相談支援員とは、障害児の計画相談支援における新しいスタッフポジションで、相談支援専門員(ケアマネジャー的な存在)を補佐する役割です。障害児支援利用計画の原案作成やモニタリング(支援状況の確認・評価)などを担当し、主任相談支援専門員の指導のもと計画作りを支える専門スタッフと言えます。ただし、相談支援員はサービス担当者会議を主催したり、その場で最終的な計画を決定したりすることはできません。あくまで会議開催前の情報整理や計画案の作成、支援開始後の継続的な見守りといった部分を担うのが役目です。
相談支援員を配置できる事業所の条件(事業者要件)
相談支援員を配置するには、まず事業所側が満たすべき条件があります。指定障害児相談支援事業者(障害児の計画相談支援を提供する事業所)が相談支援員を置けるのは、次の2つの要件を両方満たす場合です。
- 機能強化型事業所であること: 事業所が「機能強化型障害児支援利用援助費」(機能強化型の基本報酬)を算定できる基準を満たしていること。つまり、必要な人員体制やサービス水準が確保され、機能強化型事業所として認められている必要があります。
- 主任相談支援専門員による指導・助言体制: 事業所内に主任相談支援専門員(経験豊富な相談支援専門員のリーダー格)がいて、相談支援員に対して定期的に指導・助言できる仕組みが整っていること。その体制の具体例として、以下のような取り組みを全て行っている必要があります。
- ケース会議の開催: 利用者の情報共有やサービス提供上の留意点を伝える会議を定期的に開いていること。
- 主任による同行研修: 主任相談支援専門員が相談支援員の支援現場に同行し、OJT形式で研修を継続的に行っていること。
- 技術向上の指導・助言: 地域づくりや困難事例への対応など、サービスの質を高めるための指導・助言を行っていること。
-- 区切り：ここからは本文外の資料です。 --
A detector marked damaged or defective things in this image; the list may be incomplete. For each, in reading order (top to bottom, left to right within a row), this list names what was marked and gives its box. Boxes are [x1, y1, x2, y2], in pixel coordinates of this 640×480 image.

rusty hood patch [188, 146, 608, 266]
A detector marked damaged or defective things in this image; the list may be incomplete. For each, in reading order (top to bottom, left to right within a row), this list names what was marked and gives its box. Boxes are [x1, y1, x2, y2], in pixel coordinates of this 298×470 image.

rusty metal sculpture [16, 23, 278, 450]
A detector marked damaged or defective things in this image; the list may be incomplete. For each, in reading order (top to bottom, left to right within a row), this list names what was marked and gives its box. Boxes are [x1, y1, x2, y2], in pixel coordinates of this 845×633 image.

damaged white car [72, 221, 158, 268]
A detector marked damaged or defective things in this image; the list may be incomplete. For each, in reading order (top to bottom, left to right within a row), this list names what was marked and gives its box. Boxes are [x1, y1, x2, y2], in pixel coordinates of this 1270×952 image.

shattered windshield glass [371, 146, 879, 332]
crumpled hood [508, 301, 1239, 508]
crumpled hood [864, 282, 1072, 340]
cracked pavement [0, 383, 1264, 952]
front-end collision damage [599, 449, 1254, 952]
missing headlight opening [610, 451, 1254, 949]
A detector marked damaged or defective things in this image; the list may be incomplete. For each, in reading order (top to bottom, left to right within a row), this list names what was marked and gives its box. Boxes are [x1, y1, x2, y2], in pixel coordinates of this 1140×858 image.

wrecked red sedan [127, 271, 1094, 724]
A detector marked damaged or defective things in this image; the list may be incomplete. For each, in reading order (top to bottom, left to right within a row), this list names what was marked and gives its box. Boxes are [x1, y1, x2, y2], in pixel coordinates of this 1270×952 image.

上記の2つの要件を継続して満たしている事業所であれば、相談支援員を配置することが可能です。ただし、やむを得ない理由で一時的に要件を満たせなくなっても、速やかに基準を再び満たす見込みがある場合は、その間も例外的に相談支援員の配置が認められます。
相談支援員本人に求められる資格・条件(人員要件)
次に、相談支援員本人に求められる条件です。相談支援員となるには、専ら当該事業所の職務に従事する常勤スタッフであることが求められます。さらに、社会福祉士または精神保健福祉士という相談支援分野の国家資格を有していなければなりません。つまり、その事業所でフルタイム勤務し、かつ専門資格を持った人だけが相談支援員になれるのです。
相談支援員の兼務に関するルール
相談支援員は原則として専従(その業務だけに従事)で働かなければなりません。サービス提供時間中に障害児相談支援以外の職務を行うことは基本的に認められていません。
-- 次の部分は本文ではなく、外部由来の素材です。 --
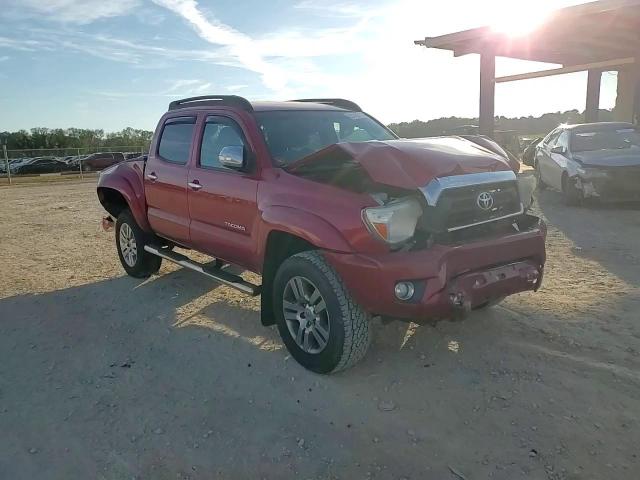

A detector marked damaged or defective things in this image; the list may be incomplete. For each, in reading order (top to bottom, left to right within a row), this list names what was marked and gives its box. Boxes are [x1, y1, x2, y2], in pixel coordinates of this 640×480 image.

crumpled hood [288, 137, 512, 189]
crumpled hood [572, 148, 640, 169]
broken headlight [362, 197, 422, 246]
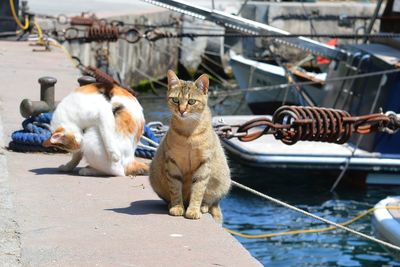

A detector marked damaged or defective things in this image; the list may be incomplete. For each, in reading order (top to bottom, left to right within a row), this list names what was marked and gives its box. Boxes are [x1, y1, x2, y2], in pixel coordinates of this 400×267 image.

rusty chain [216, 105, 400, 146]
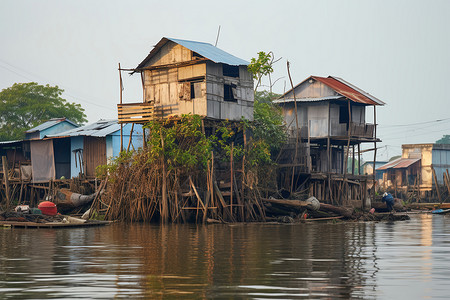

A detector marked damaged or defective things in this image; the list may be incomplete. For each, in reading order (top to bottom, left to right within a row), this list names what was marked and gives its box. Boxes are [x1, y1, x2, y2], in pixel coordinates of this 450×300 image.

rusty metal roof [312, 76, 384, 105]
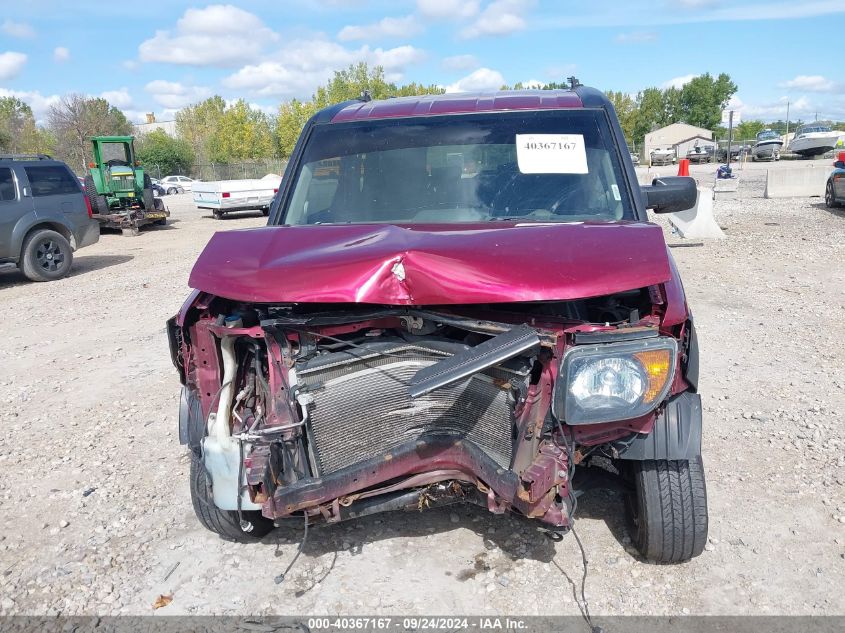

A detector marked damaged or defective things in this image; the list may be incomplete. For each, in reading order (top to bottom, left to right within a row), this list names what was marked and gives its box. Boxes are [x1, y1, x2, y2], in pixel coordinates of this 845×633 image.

crumpled hood [190, 221, 672, 304]
damaged maroon suv [166, 85, 704, 564]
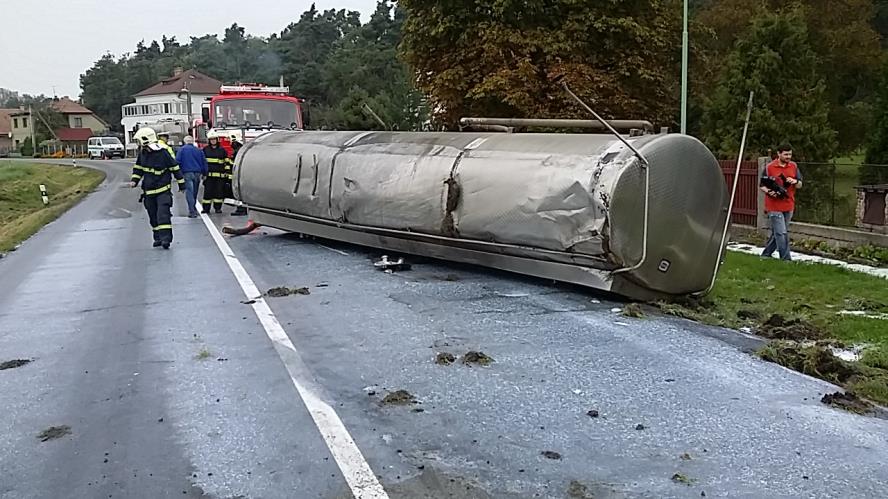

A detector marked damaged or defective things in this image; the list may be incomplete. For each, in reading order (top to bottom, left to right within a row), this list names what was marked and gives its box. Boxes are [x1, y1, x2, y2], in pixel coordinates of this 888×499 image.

damaged tank trailer [232, 131, 732, 300]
しかし、いくつかの例外もあります。一体的に運営されている障害者向けの相談支援事業所(指定特定相談支援事業所、指定一般相談支援事業所、指定自立生活援助事業所など)では、相談支援員が障害児相談支援とそれらの業務を兼務することができます。また、基幹相談支援センターや自治体委託の障害者相談支援事業(「これに類する業務」に該当)についても兼務は可能ですが、この場合はその業務を委託している市町村の許可が必要です。
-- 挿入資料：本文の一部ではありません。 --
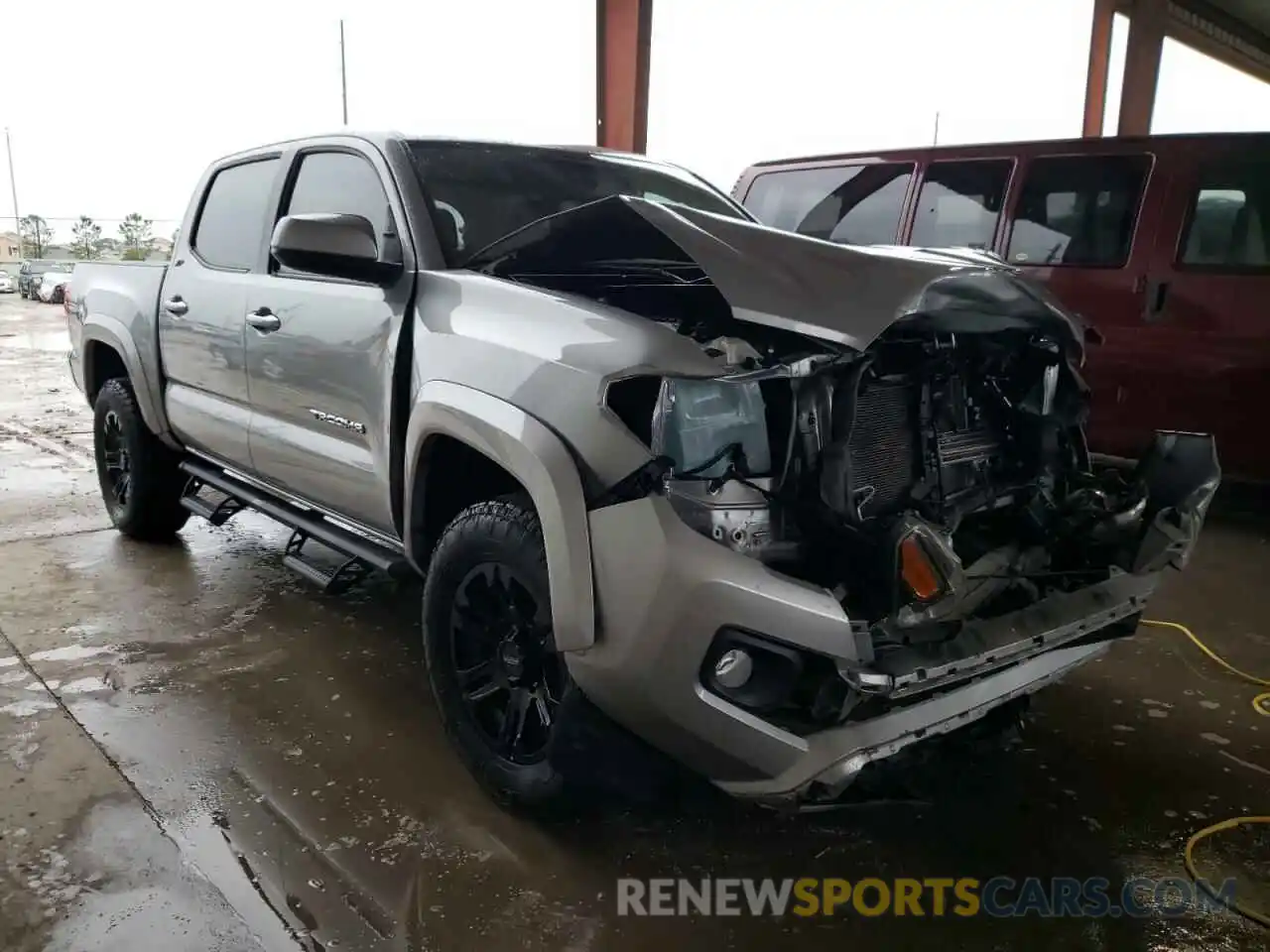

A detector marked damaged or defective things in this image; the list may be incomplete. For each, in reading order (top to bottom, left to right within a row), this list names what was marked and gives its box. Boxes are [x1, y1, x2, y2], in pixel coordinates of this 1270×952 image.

crumpled hood [467, 193, 1091, 357]
damaged front bumper [569, 431, 1218, 807]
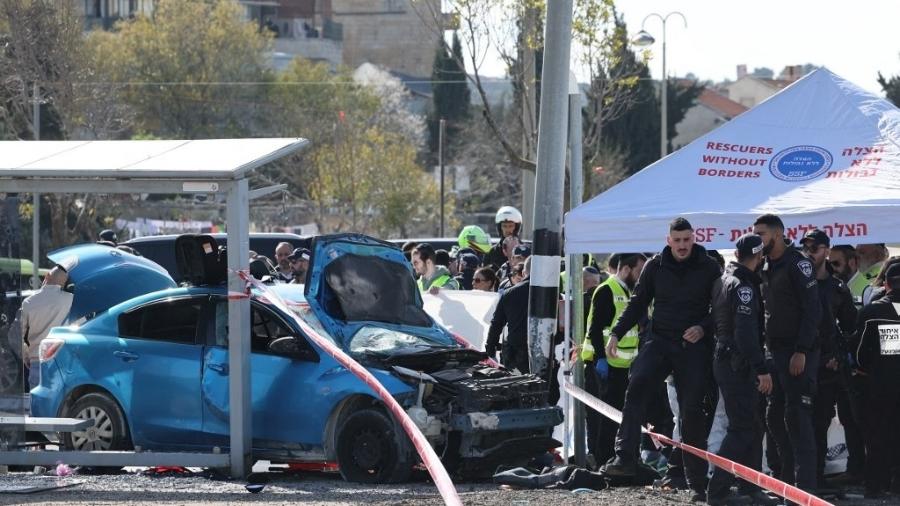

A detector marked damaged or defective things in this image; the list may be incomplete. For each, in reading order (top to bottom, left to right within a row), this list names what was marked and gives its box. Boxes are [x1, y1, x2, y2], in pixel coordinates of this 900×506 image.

damaged blue car [29, 233, 564, 482]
要するに、相談支援員は原則フルタイムで障害児相談支援に専念しつつ、同じ法人内で展開する関連の相談支援事業では柔軟に役割を兼ねることが可能です。ただし、兼務する際は本来の業務に支障が出ないことが大前提であり、特に自治体から委託された業務を行う場合には正式な承認が不可欠です。
事業者・起業希望者が押さえるべきポイント
ポイント1: 相談支援員は誰でも配置できるわけではなく、機能強化型の認定を受けた事業所であり、主任相談支援専門員による指導助言体制が整っていることが前提条件です。事業所の体制強化と人材育成の仕組みづくりが鍵となります。
ポイント2: 相談支援員として配置する人は社会福祉士または精神保健福祉士の資格を持つ常勤専従者でなければなりません。質の高い相談支援を行うため、専門資格の保有とフルタイムでの従事が求められます。
ポイント3: 相談支援員は基本的に障害児相談支援業務に専念しますが、同一法人内で運営する他の相談支援事業との兼務も可能です(特定相談支援・一般相談支援・自立生活援助など)。ただし、基幹相談支援センター等の自治体委託業務を兼務する場合は自治体の許可が必要であり、主たる業務に支障がないことが大前提です。